New mechanism discovered for depression
For immediate use
New mechanism discovered for
depression
Media Release – University of Auckland
Research into the action of ketamine on the brain has revealed neural pathways that will help scientists develop fast-acting medications for treating depression.
The discovery was made by Rutherford Fellow, Dr Suresh Muthukumaraswamy, who is a senior research fellow in both the School of Pharmacy and Psychology at the University of Auckland. He is also a member of the University’s Centre for Brain Research.
His research focusses on brain imaging and using the latest technology in brain imaging to understand and treat brain disorders.
The technique used in this research was magnetoencephalography (MEG) measuring the brain’s magnetic fields in combination with the latest in computational models.

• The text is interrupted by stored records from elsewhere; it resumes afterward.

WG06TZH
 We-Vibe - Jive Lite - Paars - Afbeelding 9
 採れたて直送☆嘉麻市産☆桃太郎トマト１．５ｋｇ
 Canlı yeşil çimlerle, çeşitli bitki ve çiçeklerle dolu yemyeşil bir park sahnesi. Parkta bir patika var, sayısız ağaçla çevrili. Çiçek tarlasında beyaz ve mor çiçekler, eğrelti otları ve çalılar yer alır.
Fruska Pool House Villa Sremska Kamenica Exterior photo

His findings were published today in the Journal of Neuroscience.
“Our interest is in the
mechanism of action that ketamine uses to be active in the
human brain,” says Dr Muthukumaraswamy. “That will give
us a target for other compounds.”
The research data was
collected by colleagues while Dr Muthukumaraswamy was based
at the University of Cardiff and they tested the ketamine in
healthy volunteers to see what parts of the brain it
affects.
“We know that ketamine is active in the frontoparietal circuit of the brain and disconnects these two parts,” he says. “In depression those two parts of the brain work overtime in an over-connected way. It may be that ketamine works as an antidepressant by disconnecting those two parts of the brain and stopping that over-connectivity.”

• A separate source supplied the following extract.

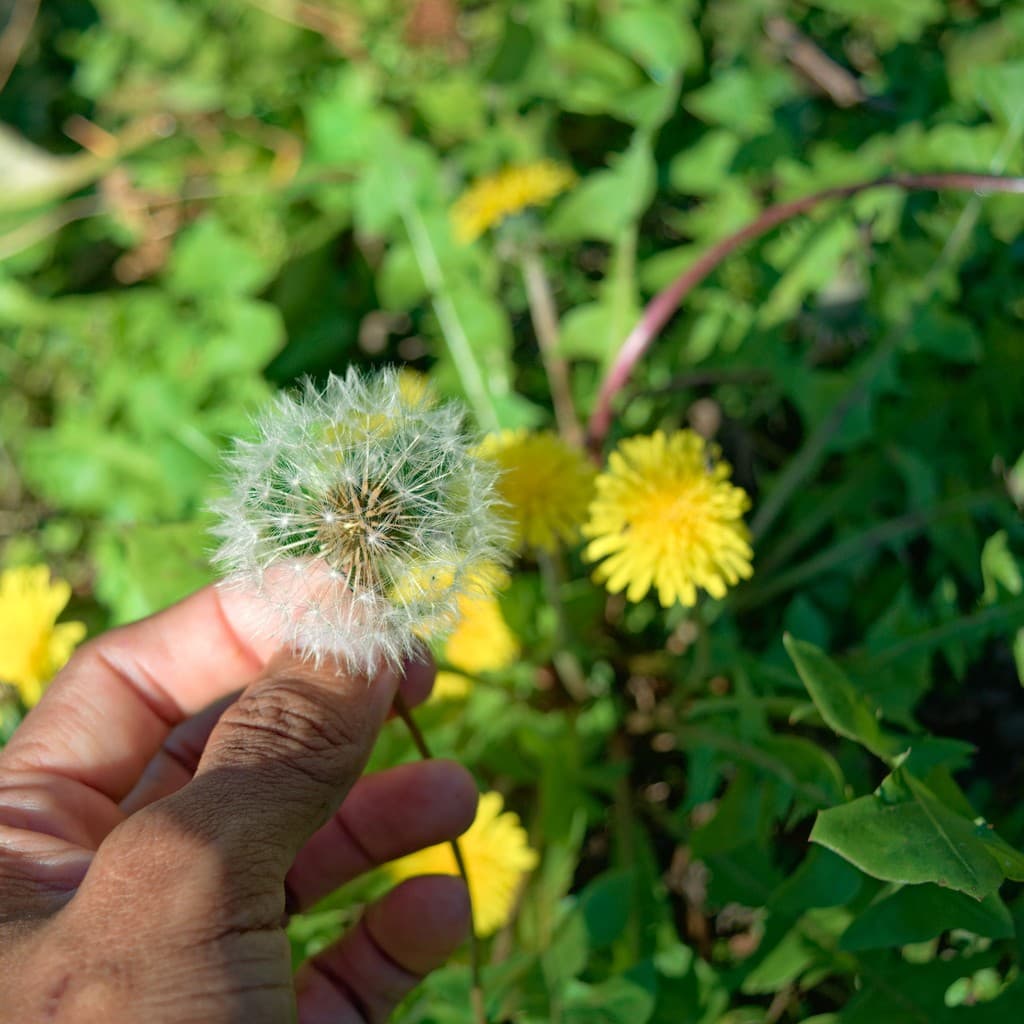 Sementes de Dente de Leão ~ Taraxacum officinale ~ PANC de flores amarelas p/ jardim ou horta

“Unlike other anti-depressants, ketamine is very fast acting, but other clinical trials have found that the ketamine-induced anti-depression effect only lasts a week or so,” he says. “It’s important as a mechanism to identify potential biomarkers of antidepressant activity in human patients, but for other reasons, we cannot use it for treatment.”

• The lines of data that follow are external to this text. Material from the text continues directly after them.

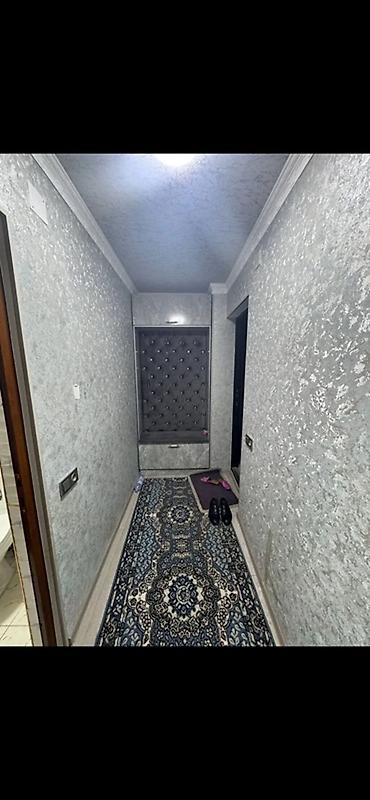 тачка садовая бишкек: Однакомнатный квартира берилет район Кок жар студент балдарга депозит — 1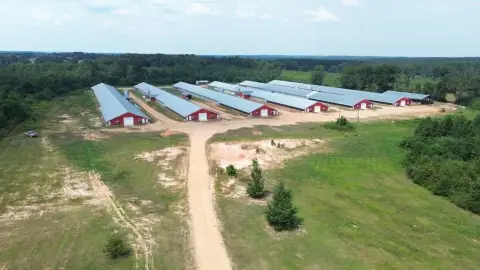 Mount Olive Broiler Farm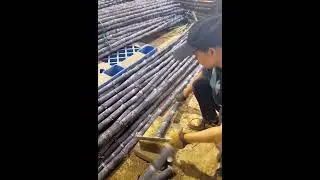 Package sugarcane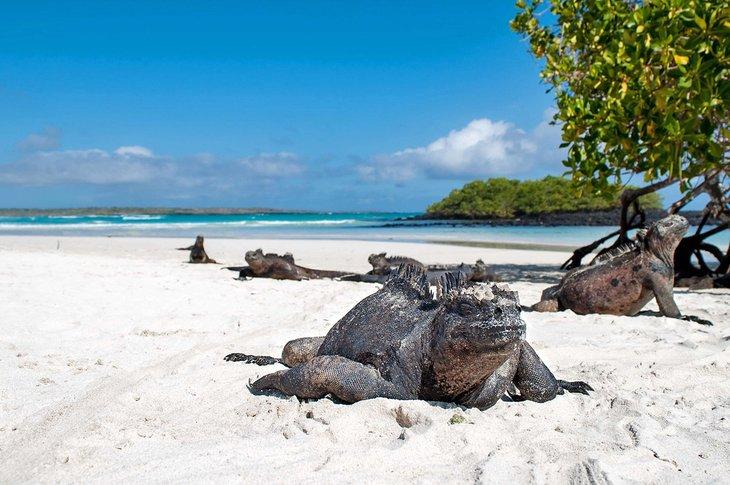 Iguanes marins se reposant sur la plage de Tortuga Bay, Îles Galapagos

He says ketamine (that was developed in the 1960s) is off-patent now and is primarily used as an anaesthetic and sometimes for chronic pain. Only low doses of ketamine are needed, compared to anaesthetics, to create those anti-depressant effects.
“It’s not licenced for depression because it is still very experimental in that role,” says Dr Muthukumaraswamy. “Ketamine’s anti-depressant properties were discovered relatively recently and did well in clinical trials. Unfortunately, ketamine is also a drug of abuse, as it’s mildly hallucinogenic and it is unclear if it could be used in routine clinical practise,” he says.
The research team investigated what effect ketamine was having on the brain to work so quickly. Further work is needed to explore this mechanism, he says.